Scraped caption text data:
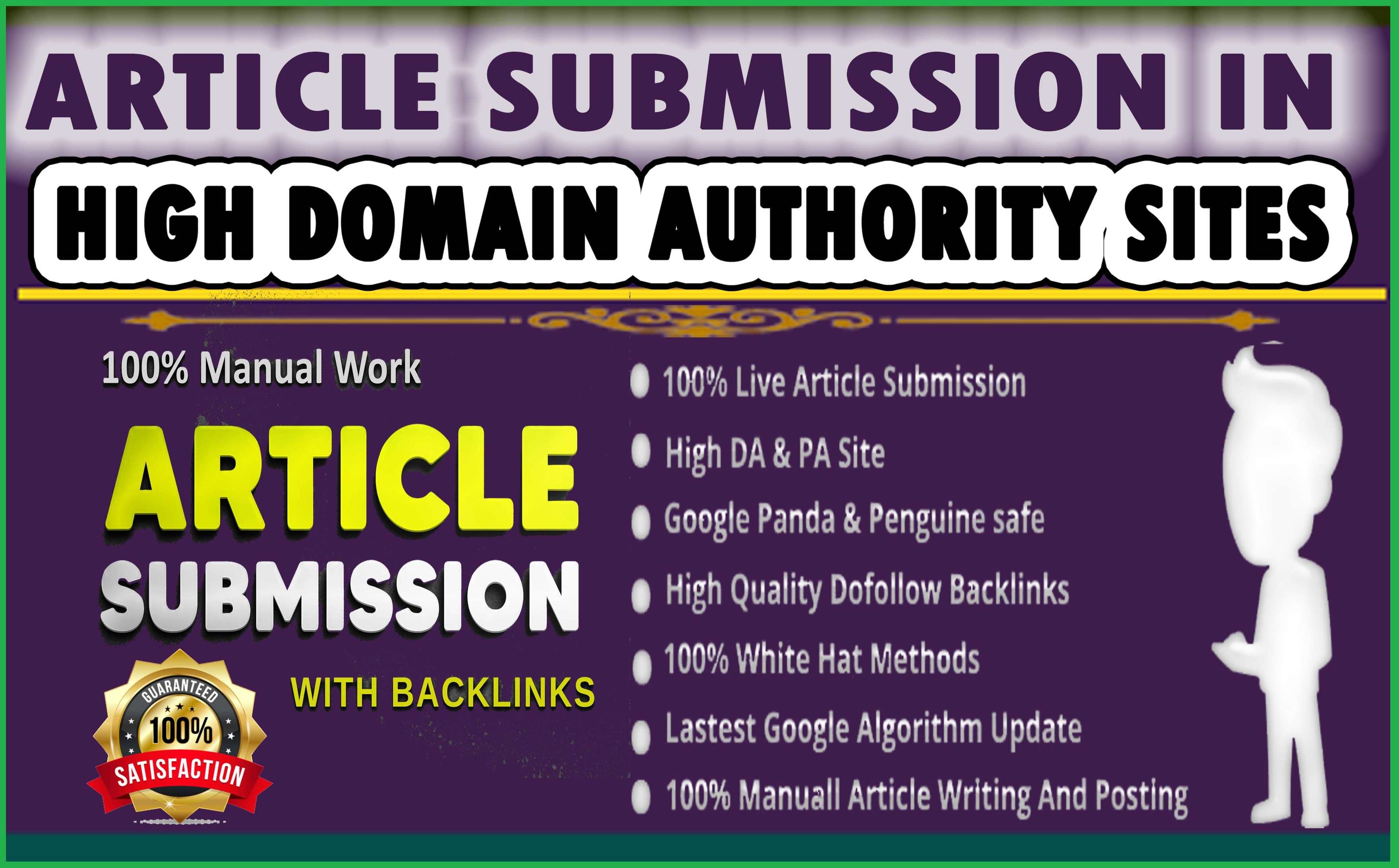 Approve 100 Article directories Submission Contextual Backlinks live links from High PR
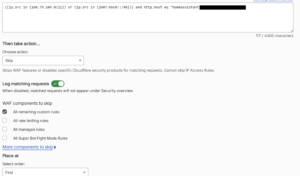 Regla de Cloudflare permitiendo a Claude atravesar el bloqueo por país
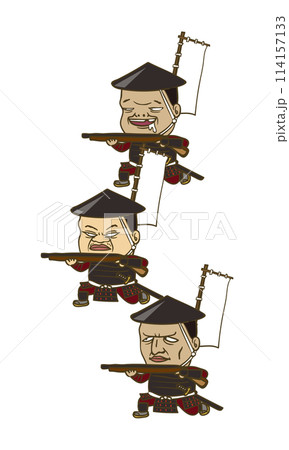 イラスト:日本の戦国時代の鉄砲隊 イラスト:日本の戦国時代の鉄砲隊 114157133
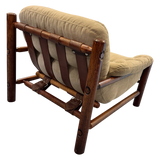 Pair of Brazilian Taupe Velvet Rosewood Frame Lounge Chairs
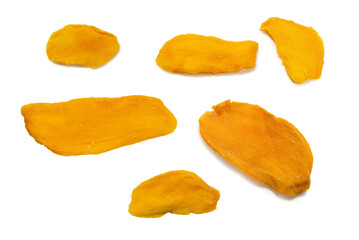 Naklejka premium Dry tasty mango slices isolated on a white background.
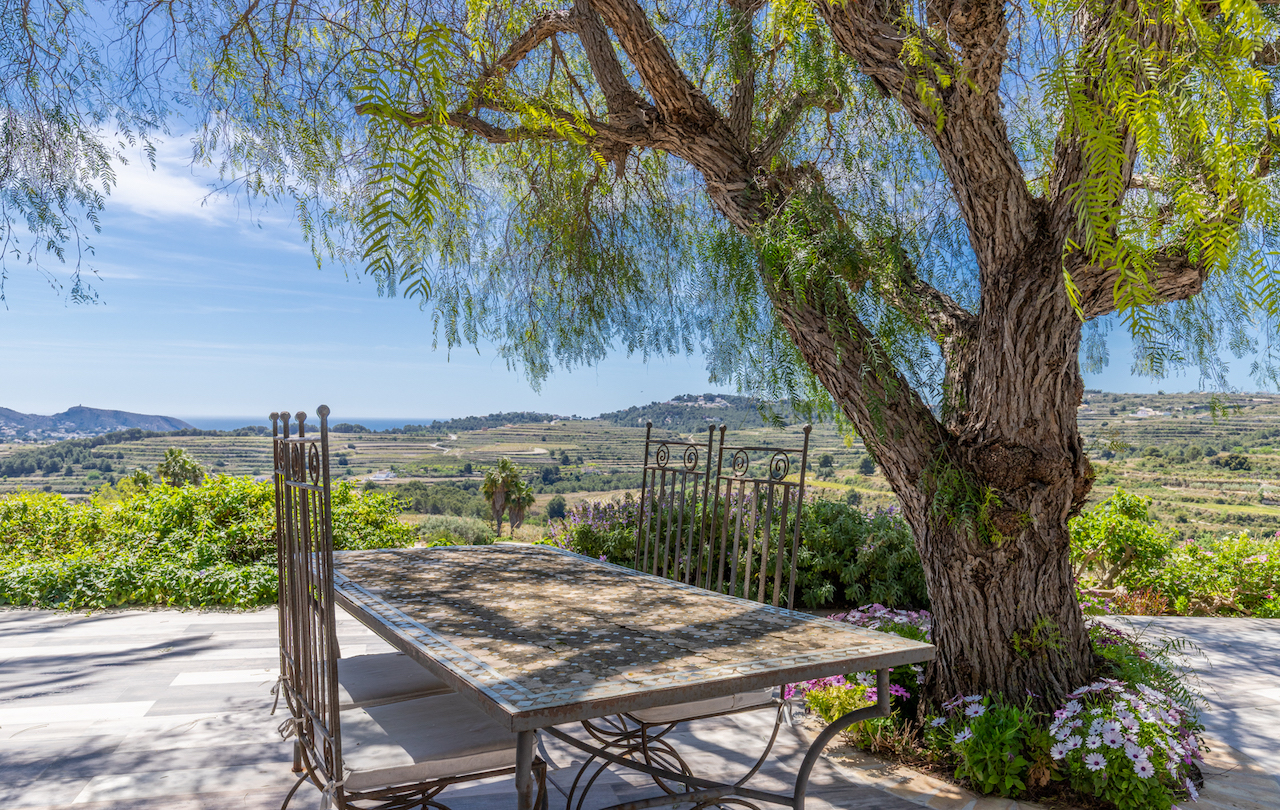 Terrasse extérieure avec table en mosaïque ombragée par un grand poivrier, offrant une vue dégagée sur les vignobles et la mer Méditerranée au loin.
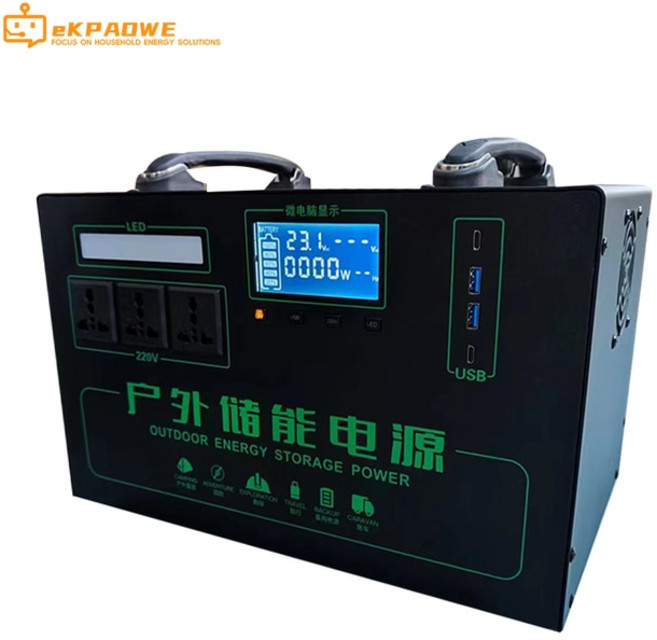2500W 3360Wh 휴대용 발전소 220V 배터리 발전기 태양열 파워 스테이션 비상 백업 EU 플러그, 1개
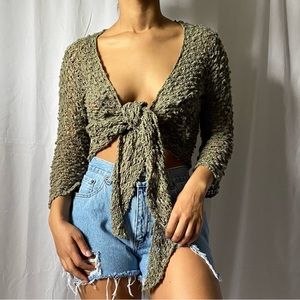 Olive green front tie knitted blouse size medium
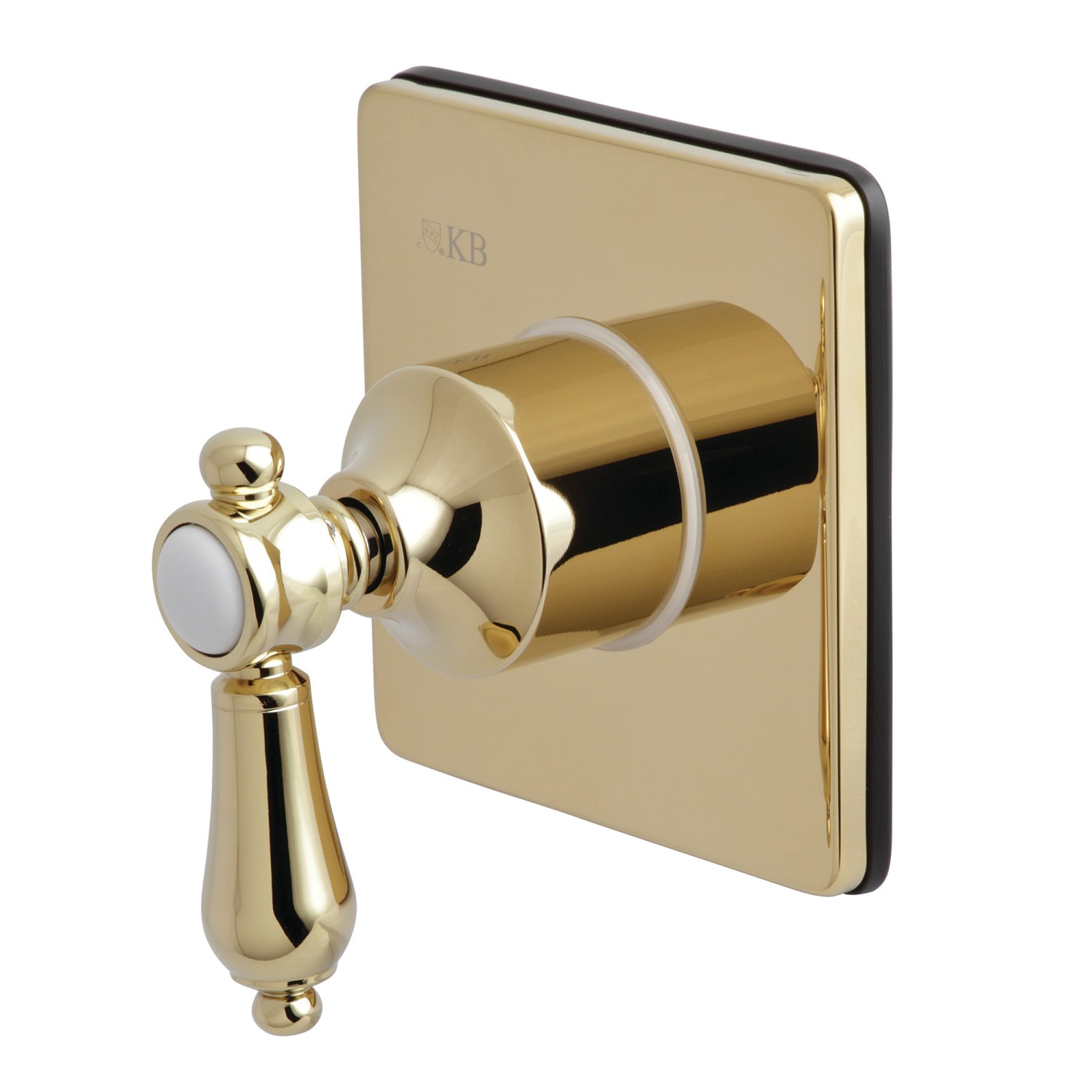 KINGSTON BRASS KS3042BAL THREE-WAY DIVERTER VALVE WITH SINGLE HANDLE AND SQUARE PLATE IN POLISHED BRASS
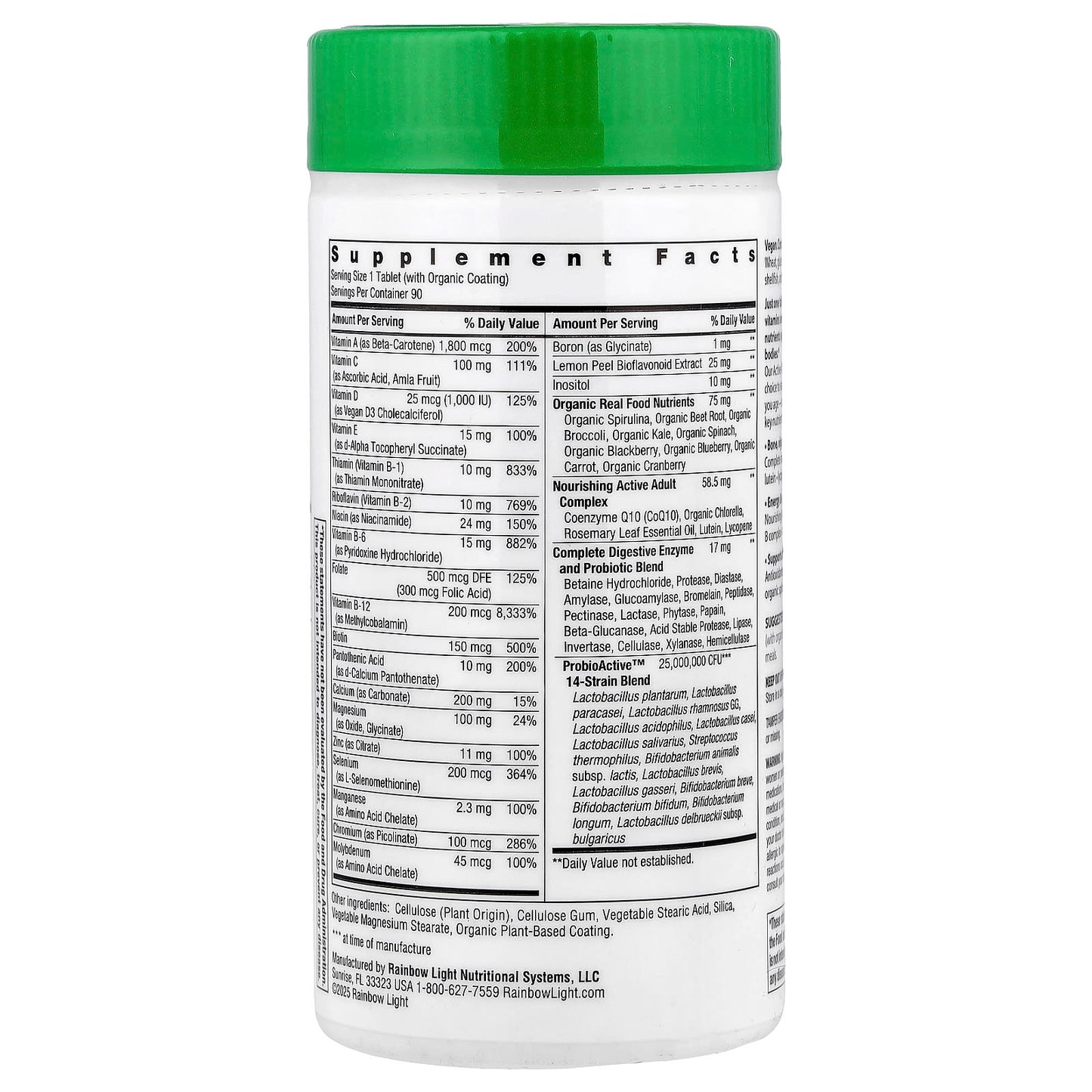 Rainbow Light, Active Adult 50+™ With CoQ10 + Real Food Nutrients, 90 Tablets - Image 2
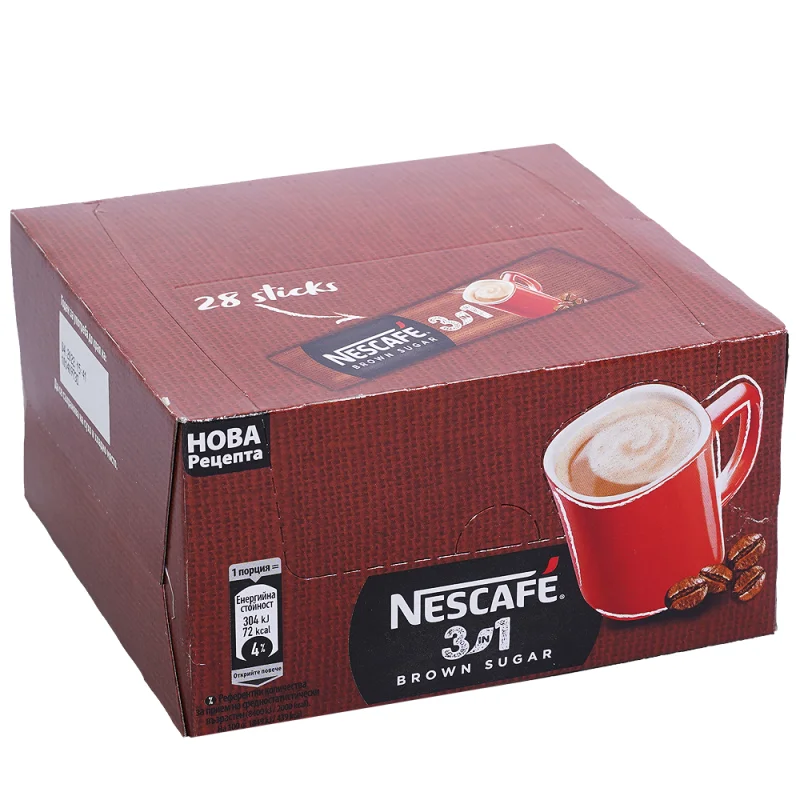 NESCAFE Разтворима напитка 3 в 1 Brown Sugar 28 х 16,5 г - NESCAFÉ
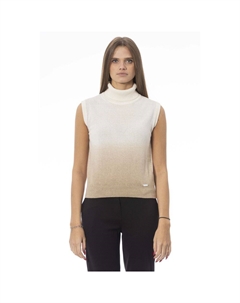 Белая шерстяная кофточка без рукавов, белый Baldinini trend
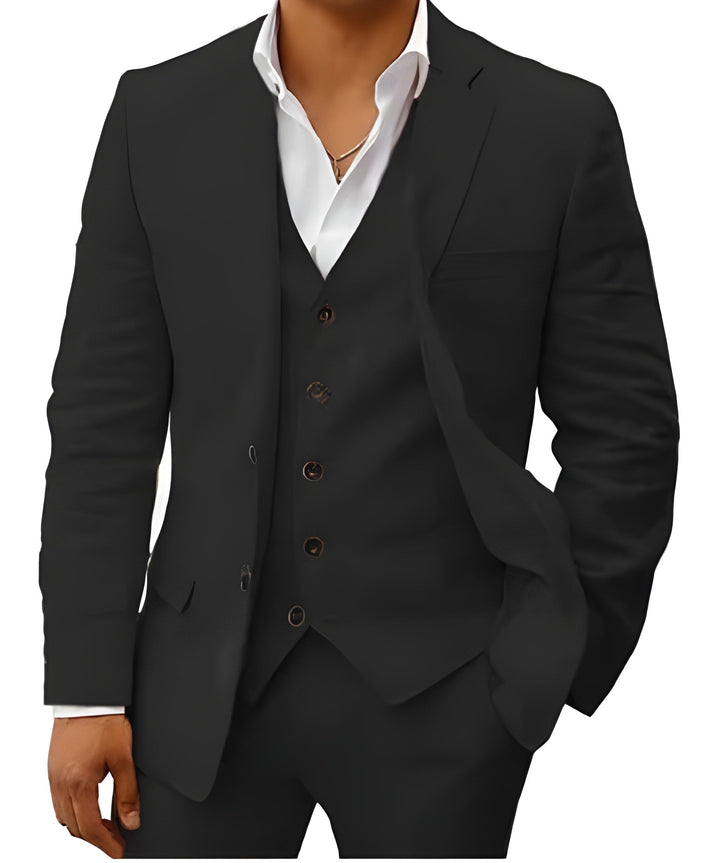 Men's Three-Piece Tailored Suit with Lapel Jacket, Waistcoat and Trousers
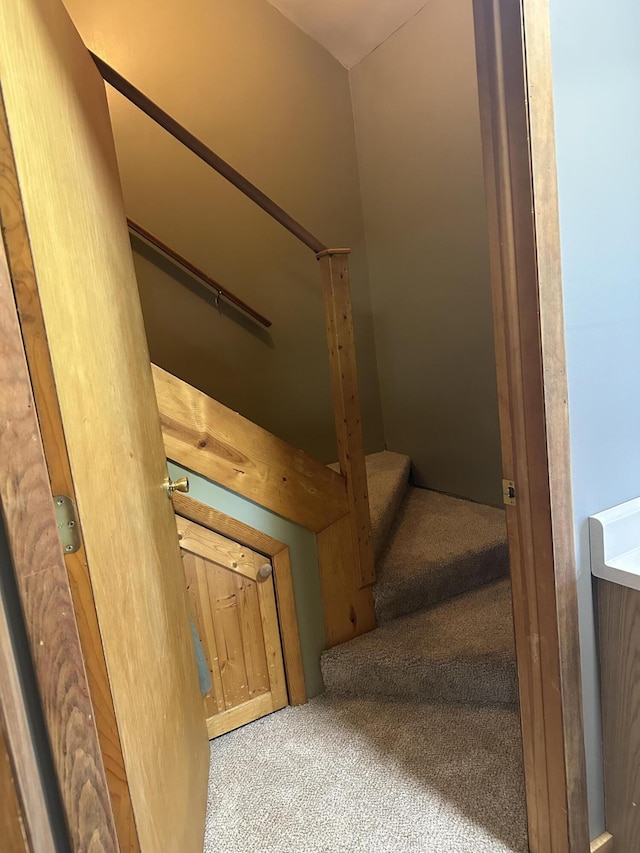 5342 E Fountain Rd, Fountain, MI 49410 - staircase featuring carpet floors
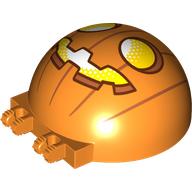 Lego Windscreen 6 x 6 x 3 Dome with Dual 2 Fingers with Carved Pumpkin Print
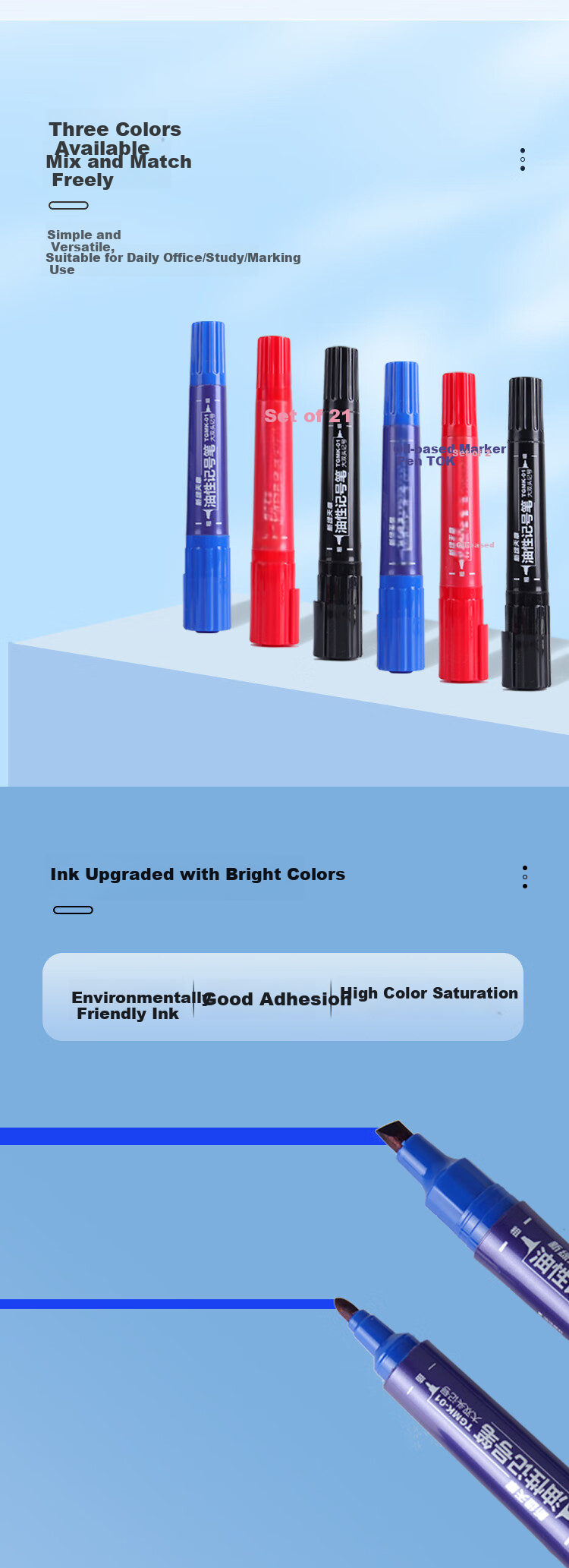 TANGO Marker Pen, Large Tip, Oil-Based, Thick Blue, 10-Pack, Check-In Marker Pen, Double-Ended, Quick-Drying, Express Delivery And Logistics Specialized Office Supplies 3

Requirement: Output only the lines from the start of the data through the line that holds "Naklejka premium Dry". Keep them exact and leave the pictures out.

Exercise solution:
 Approve 100 Article directories Submission Contextual Backlinks live links from High PR
 Regla de Cloudflare permitiendo a Claude atravesar el bloqueo por país
 イラスト:日本の戦国時代の鉄砲隊 イラスト:日本の戦国時代の鉄砲隊 114157133
 Pair of Brazilian Taupe Velvet Rosewood Frame Lounge Chairs
 Naklejka premium Dry tasty mango slices isolated on a white background.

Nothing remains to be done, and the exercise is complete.